Bullies made me introspect, made me understand my own behaviour, reactions and emotional constructs, and that…that made me a better writer, and a better crafter of characters.
2. Bullies made me write – Ok, so not the novel or short story type of writing I’m doing now, but writing nonetheless. I started writing through journaling. I have dozens of journals filled with hours and hours of hand written tales of she said this, and he did that, just littering my loft. If I hadn’t have been bullied, I would never have needed to write, I would never have found my passion, and for that, I am grateful. We all need practice, and I had hours of it, and now, I can focus for hours writing my novel, just as I did writing journals years ago.
3. Bullying made me determined – There’s nothing like being beaten down, being crushed and broken, having every ounce of your personality torn to shreds to make you want to get straight back up again.
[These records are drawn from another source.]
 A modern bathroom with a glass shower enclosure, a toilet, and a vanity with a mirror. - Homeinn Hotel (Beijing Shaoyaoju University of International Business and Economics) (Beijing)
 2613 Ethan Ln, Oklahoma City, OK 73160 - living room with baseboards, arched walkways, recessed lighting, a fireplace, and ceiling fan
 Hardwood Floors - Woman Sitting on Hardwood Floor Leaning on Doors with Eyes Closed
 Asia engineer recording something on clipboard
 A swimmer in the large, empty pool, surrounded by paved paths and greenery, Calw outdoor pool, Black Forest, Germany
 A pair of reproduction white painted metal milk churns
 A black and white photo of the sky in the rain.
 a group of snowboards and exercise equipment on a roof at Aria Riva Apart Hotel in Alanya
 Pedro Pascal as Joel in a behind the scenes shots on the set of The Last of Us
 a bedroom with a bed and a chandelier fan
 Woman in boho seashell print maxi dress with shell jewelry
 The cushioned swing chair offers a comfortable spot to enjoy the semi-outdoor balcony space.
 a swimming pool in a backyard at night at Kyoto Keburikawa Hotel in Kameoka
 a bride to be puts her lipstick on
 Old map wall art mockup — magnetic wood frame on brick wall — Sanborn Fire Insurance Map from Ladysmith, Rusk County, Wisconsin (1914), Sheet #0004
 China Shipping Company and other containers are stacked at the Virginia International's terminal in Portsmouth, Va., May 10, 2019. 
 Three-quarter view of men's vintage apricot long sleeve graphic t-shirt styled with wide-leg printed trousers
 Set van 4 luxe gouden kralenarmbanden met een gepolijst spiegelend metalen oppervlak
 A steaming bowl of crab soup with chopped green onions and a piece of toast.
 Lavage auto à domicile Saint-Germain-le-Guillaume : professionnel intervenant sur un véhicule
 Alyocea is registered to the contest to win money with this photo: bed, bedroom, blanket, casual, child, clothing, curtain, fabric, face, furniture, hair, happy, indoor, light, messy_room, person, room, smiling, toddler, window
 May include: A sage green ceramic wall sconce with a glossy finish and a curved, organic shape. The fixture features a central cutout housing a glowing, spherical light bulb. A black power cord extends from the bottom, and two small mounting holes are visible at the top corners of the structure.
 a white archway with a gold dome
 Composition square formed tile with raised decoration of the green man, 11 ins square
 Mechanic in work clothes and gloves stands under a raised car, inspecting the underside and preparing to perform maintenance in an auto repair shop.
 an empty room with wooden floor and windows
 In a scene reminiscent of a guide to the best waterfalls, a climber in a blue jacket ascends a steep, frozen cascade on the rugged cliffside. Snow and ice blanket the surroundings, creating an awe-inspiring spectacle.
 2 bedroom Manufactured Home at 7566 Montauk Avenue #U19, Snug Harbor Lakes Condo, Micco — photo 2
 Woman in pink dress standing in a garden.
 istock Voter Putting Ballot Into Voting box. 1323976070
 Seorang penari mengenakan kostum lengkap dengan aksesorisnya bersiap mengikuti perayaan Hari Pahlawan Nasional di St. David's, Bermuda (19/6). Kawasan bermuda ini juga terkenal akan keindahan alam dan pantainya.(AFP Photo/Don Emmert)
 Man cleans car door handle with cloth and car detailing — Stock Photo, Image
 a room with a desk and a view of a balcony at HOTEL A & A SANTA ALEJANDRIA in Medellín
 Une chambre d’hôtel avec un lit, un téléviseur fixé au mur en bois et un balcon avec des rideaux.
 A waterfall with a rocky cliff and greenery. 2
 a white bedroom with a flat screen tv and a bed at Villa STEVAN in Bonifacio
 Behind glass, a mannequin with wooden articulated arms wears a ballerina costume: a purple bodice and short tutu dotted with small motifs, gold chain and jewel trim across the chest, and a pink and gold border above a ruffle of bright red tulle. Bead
To say ‘Fuck You, you think I’m odd, well, I know I am beautiful.’ The harder the bullies would push me down, the more determined I was to rise up again and fight, even if that meant weeping into my journal in private. Bullies made me a fighter, and I am proud of it.
Now I fight to write my novel, fight distraction, procrastination and time but most of all, I fight the self-doubt. They taught me I was determined, and now I know I can do it, No… I know I will do it. I will finish my novel. If it wasn’t for the determination they showed me I had, I might have given up by now.
4. Bullying showed me how strong I was – I wasn’t just bullied once or twice, I was bullied for years, nine of them to be precise. Nine long grueling years of bully based torture. And you know what, I wouldn’t change a single day of it, because it really has made me who I am. Every time I got beaten down, I got tougher, stronger, more resilient. Each time it was harder for them to hurt me. And each time they did hurt me, and I still got back up again, I knew I was stronger than them.
Writing can be grueling, writing a novel is a marathon and that takes strength. It takes strength to submit to competitions, agents and publishers and when you get rejected time and time again, it takes strength to stand up and try again.
5. Bullying showed me I could win. Win against cowards, and malicious back stabbing Queen Bees. Bullying showed me that every time I got hurt I could get back up. It could show me that a tiny bit of rebellion, standing back up, knocks a bully off their perch. It turns that chip onto their shoulder into a fullscale amputation. Bullying made me realise that if you want something bad enough, if you are determined enough, you get knocked down enough times and stand right back up, it will happen, you can win. I know that, the experience of being knocked down, will help me when I get the inevitable trail of rejections from agents publishers and competition submissions. But you know what? I am going to stand right back up and try again, and one day I know I will win, I will finish my novel, and I will publish it.
I don’t often write poetry, but, in writing this post a phrase kept repeating in my mind. A phrase of the strong. So I just let the words flow and this is what came out of it…
Rise, Stand, Fight
No matter how many times you beat me with your jagged words,
wound me with your wicked ways, or tarnish my pure heart,
I will rise, I will stand and I will fight.
You can make my skin crawl with self-loathing,
make me doubt and judge myself,
but your dirty words all covered in hate are useless against my strength,
I will rise, I will stand and I will fight.
Your beatings, torture and abuse have marked my soul with shadows,
But scars are tougher than skin,
and that makes me tougher than you.
You can push me over, knock me down and crush me with your might,
But, I will rise, I will stand and I will fight.